The online news publication New Frame suspended operations last week when its funder, Jamaican-American tech magnate Roy Singham, unexpectedly pulled the plug.
New Frame described itself as a social justice publication, rooted in the “values of the best of the left and to give due weight and dignity to the lives and struggles of ordinary people”. It said it was broadly pro-worker and pan-African in outlook. It also prided itself on high journalism standards — “We chase quality, not clicks” was its slogan.
But the publication’s sudden closure put about 20 journalists out of work, adding to the long list of recent retrenchments in our ever-diminishing news media industry. And even though the site never garnered a large audience, the loss of one of the few clearly left-wing voices in our media leaves a gap, a diminution of choice within a market already suffering from lack of diversity. In a country with a wide range of views, from far left to far right, our media is uniformly centrist. This false consensus impoverishes the national debate.
The closure highlights a structural weakness in much of our media: a dependence on the shifting fortunes and whims of funders. A big chunk of our media — and some of the most important outlets — are dependent now on the generosity of foundations, wealthy individuals and corporate social responsibility programmes.
I don’t wish to detract from the value of these contributions. These donors stepped in to sustain our media at a crucial time, when its health and independence were crucial to our democracy. Without them our news diet would be far scrappier. Without such funders the Mail & Guardian, Daily Maverick, Bhekisisa Centre for Health Journalism, Health-e News and others would not exist, leaving even greater holes in our media ecology.

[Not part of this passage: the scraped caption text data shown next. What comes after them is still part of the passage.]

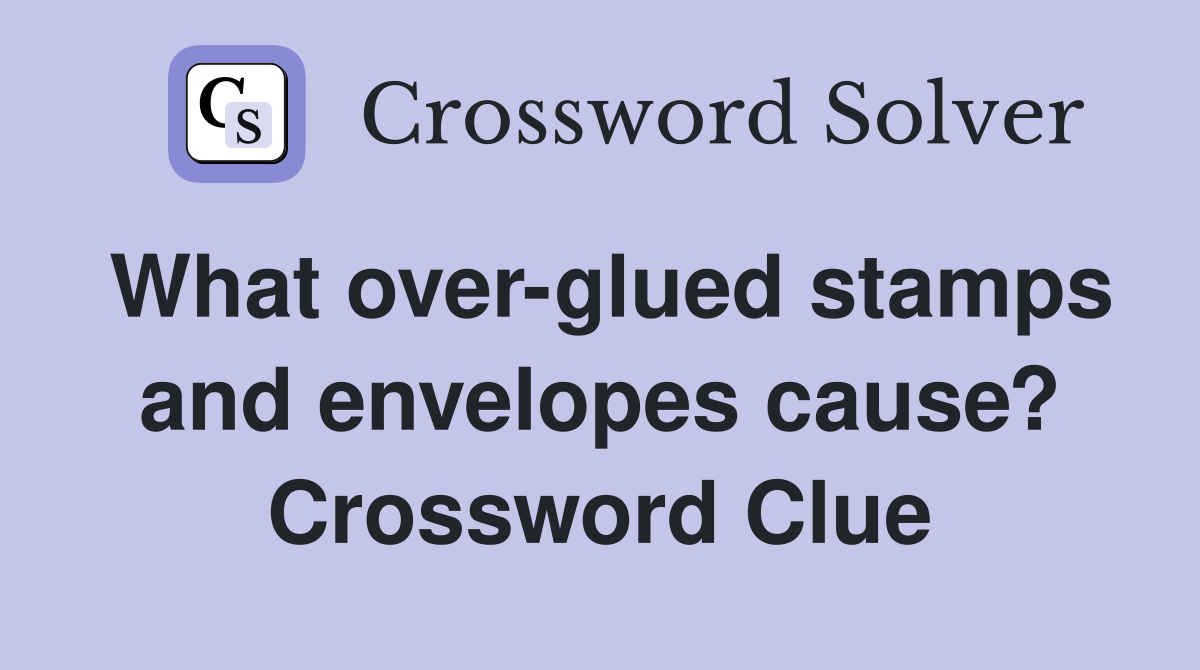 What over-glued stamps and envelopes cause? Crossword Clue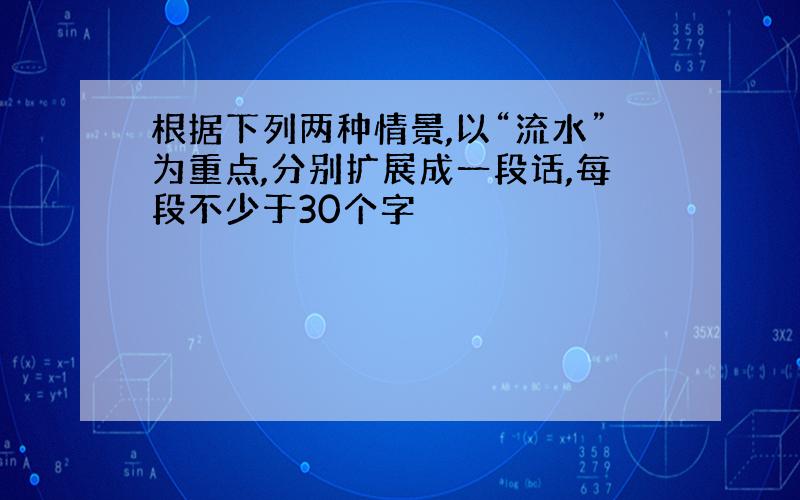 根据下列两种情景,以“流水”为重点,分别扩展成一段话,每段不少于30个字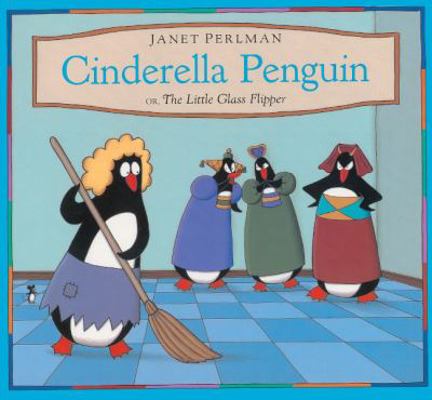 Cinderella Penguin, Or, the Little Glass Flipper 0785756728 Book Cover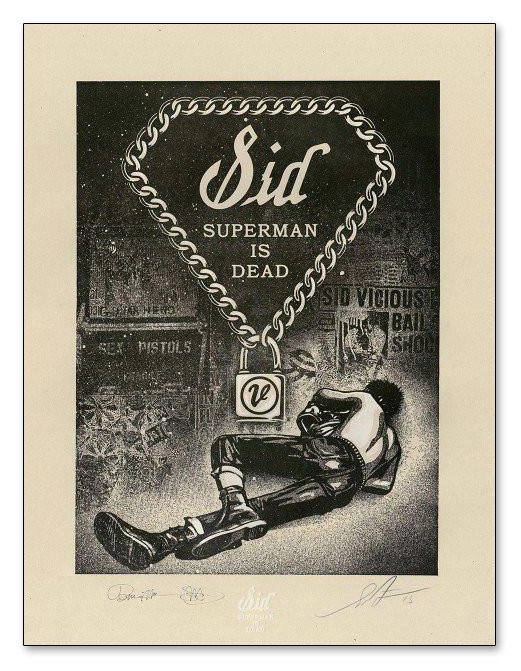 シド・ヴィシャス(Sid Vicious)Superman is Dead 限定200枚 Shepard Fairey & Dennis Morris手書きナンバリング/サイン入り（オベイ）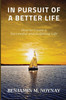 IN PURSUIT OF A BETTER LIFE by Benjamin M. Noynay (Paperback)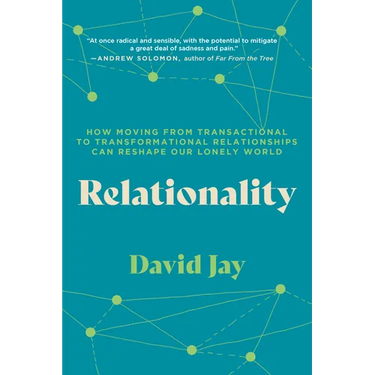 Relationality: How Moving from Transactional to Transformational Relationships Can Reshape Our Lonely World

Media with this kind of support seem at the moment to be more sustainable than many of the purely commercial outlets. There are those who criticise this reliance on philanthropy because they argue that funded media follows the agenda of the funders, and suggest support from the likes of George Soros, Bill Gates or the Oppenheimer family give them improper influence over the media.

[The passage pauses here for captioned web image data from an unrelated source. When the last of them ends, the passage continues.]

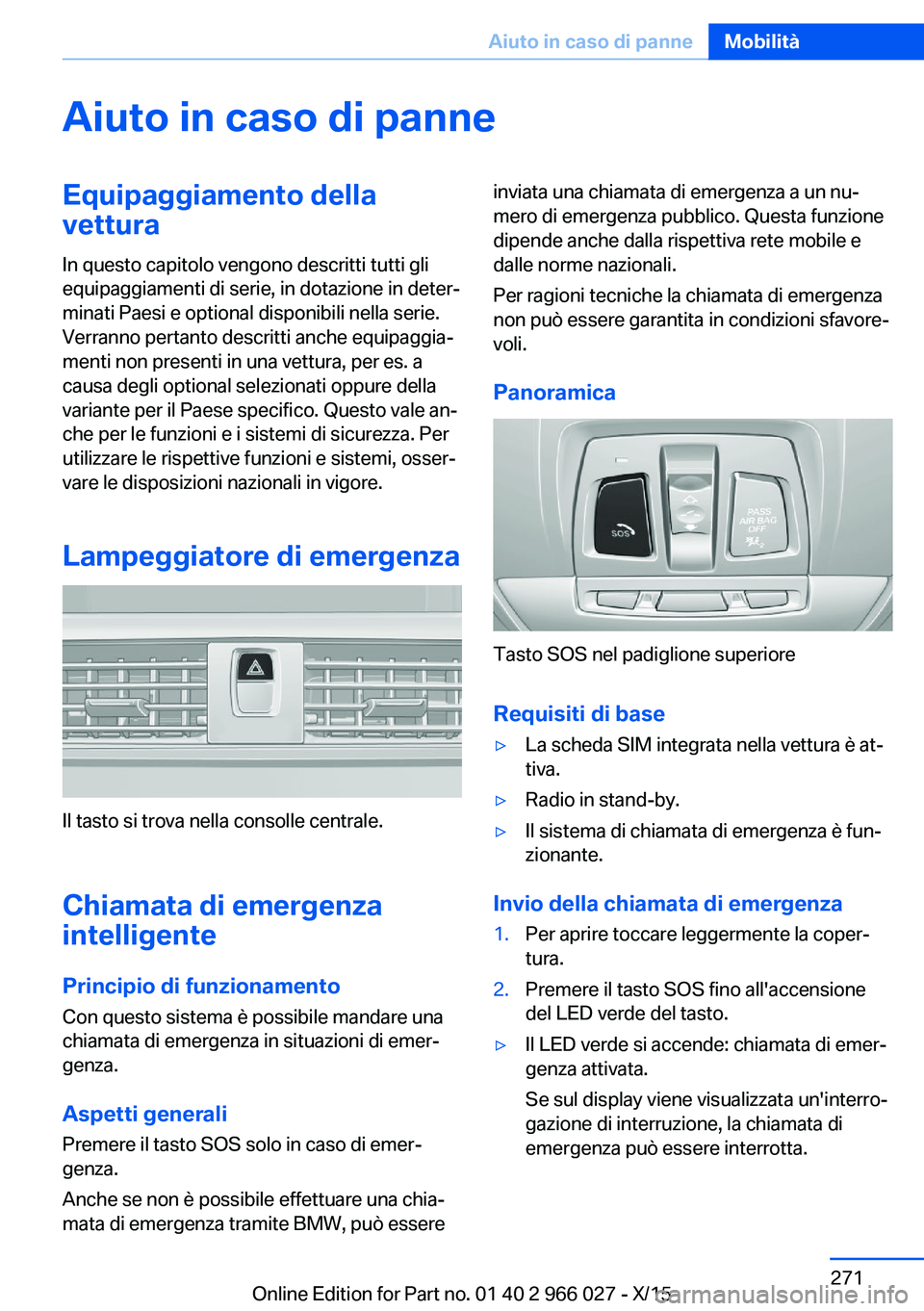 BMW X6 2016  Libretti Di Uso E manutenzione (in Italian) Aiuto in caso di panneEquipaggiamento della
vettura
In questo capitolo vengono descritti tutti gli
equipaggiamenti di serie, in dotazione in deter‐
minati Paesi e optional disponibili nella serie.
V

All media ownership and revenue models come with complications that threaten journalistic independence, but it is my experience that most (not all) philanthropic support is more benign than advertising and commercial support, and at least purports to serve the public interest rather than a narrow commercial interest.
But the New Frame experience highlights the vulnerability of this arrangement. When times get tough or a funder loses interest or finds what they consider a more deserving cause, the publication can disappear overnight. New Frame had a particularly generous and apparently hands-off benefactor, who spent an astounding R120m on the publication in four years. He was consistent and supportive — until he wasn’t.
This gave the publication a short life of indulgent luxury: staff could spend on travel and illustration, pay above-market rates, do extensive fact-checking, and debate decisions and stories at length. It also meant they could work at their own pace, not feel much pressure to break news timeously, to define and serve their audience or to find other sources of revenue.
In other words, they were very lucky, though they appear to have had little pressure to plan for self-sustainability or financial independence. The funder appears to have been loose with his money, and I wonder where New Frame’s board was hidden. The result was that they never had the impact you would expect for such lavish expenditure.
It is noticeable, by the way, that the site was silent on the publication’s funding and board membership, and that is never a good sign. When the board announced — with breathtaking euphemism — that they were “stepping back”, they gave no explanation of what had happened so suddenly, leading to a wave of online questioning and speculation.
The announcement of New Frame’s demise was an eloquent celebration of how it used its four years of luxury: “We resolved to stand apart from the cacophony ... We also aimed to give due weight to the value of the word, to work to sculpt prose — word by word and sentence by sentence — into clarity and precision. Understanding that emancipation means the generalisation of access to beauty we tried to take the aesthetic — in word and image — seriously. When we began to work in soundscapes, we brought the same considerations to the work.”
They certainly took care in crafting their words and imagery. And then their luck ran out.
• Harber is executive director of the Campaign for Free Expression and Caxton professor of journalism at Wits University.